Daycare tears
I’m still pretty unsure of this whole daycare thing and I’m really trying to trust we made the right decision. I know it’ll just take some time, but it’s not a fun process. We dropped the boy off on his first day and he had no idea what was going on. Lots of little kids and a ton of chaos. We got there while some of the kids were still having breakfast and Thrasher loves food, so he got pretty distracted but still wasn’t a happy camper when we left. I went to pick up him at 11:30 after lunch and he was the last kid sitting at the table, eating his lunch. Sweetest thing ever. He was covered in food. I think he was loving the fact that he wasn’t strapped in a high chair with a bib on with someone telling him not to throw his food. Once he saw me, the tears came and after a morning of tears of my part…
Well.
It. was. horrible.
The following day he had a visit with “mom” which means he is pretty much stuck in a car all morning being driven to and from, with the results being a no show as usual. That’s all I will say on that. Friday morning Kevin dropped him off and I was told there were some tears. His teacher is super sweet though and she said they were “buddies” on his first day so I have a feeling he got held a lot, which is good. I’d hate to know he was off crying by himself all morning. This week we are going to try to leave him a little longer to see how he does with taking a nap there.

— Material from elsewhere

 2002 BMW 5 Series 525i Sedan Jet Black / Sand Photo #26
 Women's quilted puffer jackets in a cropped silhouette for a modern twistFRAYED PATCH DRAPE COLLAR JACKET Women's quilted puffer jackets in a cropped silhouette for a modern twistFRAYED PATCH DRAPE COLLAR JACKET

As for this weekend, I’m trying to soak in all of the moments with just me and my boys. I’ll never get this time back, and I want to make the most of it. In just a few weeks things are going to change and everyone will have to adjust. So before that happens. . . we’re playing, and tickling, and taking Sunday naps as a family, and letting Thrasher play in the tub for a long time, and eating ice cream. Lots of ice cream.